To ingest data that support CIM data models there needs to be a technical add-on (TA) for each data source, or Splunk sourcetype, which not only identifies and collects the data, but also extracts the fields, translates, and aliases them to the desired datasets within appropriate CIM models. The extraction and transformation is usually done at search time, via workloads running on Splunk search heads. You can think of this loosely as the analog to the EP pipeline translation process. Third parties can write their own TAs with CIM mappings.
The data model subsystem of Splunk is aware of the data models that are available, and can automatically populate the .tsidx portion of the data model indexes repeatedly as new data arrives in an index, a process called data model acceleration (DMA).
In particular, when data models are accelerated, the extracted, translated fields are serialized to the Splunk index tsidx files to improve search performance, as if the data adhered to a schema when ingested. Special SPL search expressions can take advantage of the tsidx key-value storage of the extracted event fields. Note that the internal and default Splunk fields such as sourcetype, source, host, index, and timestamp are extracted at index-time.
Splunk Enterprise Security includes the CIM app as it relies on CIM for dashboards and its Asset & Identity framework. The Splunk ES Content Update app has detection rules that depend on CIM data models too, so both apps enhance and extend the capabilities of the Enterprise Security product.
OCSF events, whether directly ingested into Splunk or via EP translations, look like just another sourcetype. For backwards compatibility with Splunk products such as Splunk Enterprise Security, they can be translated to conform to CIM data models using the free OCSF-CIM add-on, and can be accelerated for better performance of Enterprise Security detection rules and built-in dashboards.
The OCSF-CIM Add-On is aware of the sourcetype convention where the sourcetype starts with ocsf:. This is important because that is how the configuration page of the app finds compatible sourcetypes to translate to CIM models.
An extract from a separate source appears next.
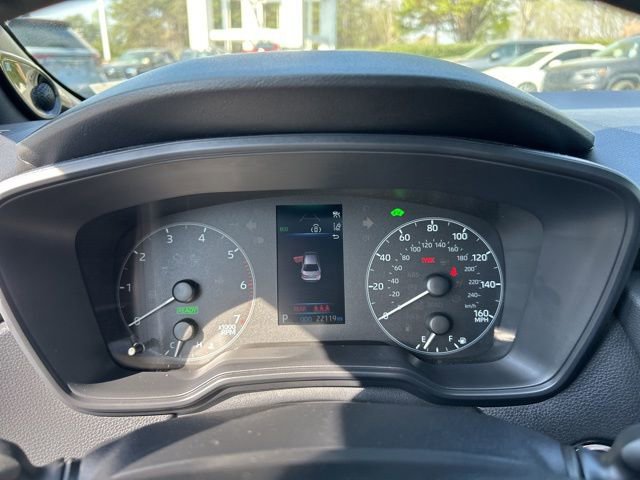 Used 2023 Toyota Corolla SE w/ SE Package image 19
There is also an extra indexer stanza needed in your props.conf file that you can find in the documentation.
There are some limitations on the mappings, since OCSF events are high-fidelity, complex events while each CIM data model is a narrow aspect of an event for the purposes of particular detection rules or dashboards. For example, you need to choose one of the data models, when OCSF events might traverse multiple CIM data models. An example would be a Zeek alert, where network and alert information are sent via one of the OCSF Network Activity classes with the Security Control profile applied and either the Network or Alert data model must be selected.
You can find more information about the OCSF-CIM Add-On for Splunk at “Working with OCSF formatted data in the Splunk platform and Splunk Enterprise Security,” and you can find it for download on Splunkbase.
Whether you are using external tools to do OCSF translations or EP’s new OCSF streaming command and eval function, you might still want to use EP to do additional processing and routing within Splunk — say to different indexes based on criteria, via pipelines, or to split destinations for high value data going to Splunk indexes — while other data can be stored in external cloud storage for data retention, threat hunting, and investigation. If you route data to S3, you can use Federated Search for Amazon S3 to search that data directly from Splunk.
The number of built-in event sources are limited to those documented in “Supported source types and event types,” and more will be added each month with EP updates. The advantage of EP’s built-in translations is they work out of the box without you having to do any of the translations. You can also write your own translations with the open-source Java tool mentioned above, or popular 3rd party products and tools now on the market.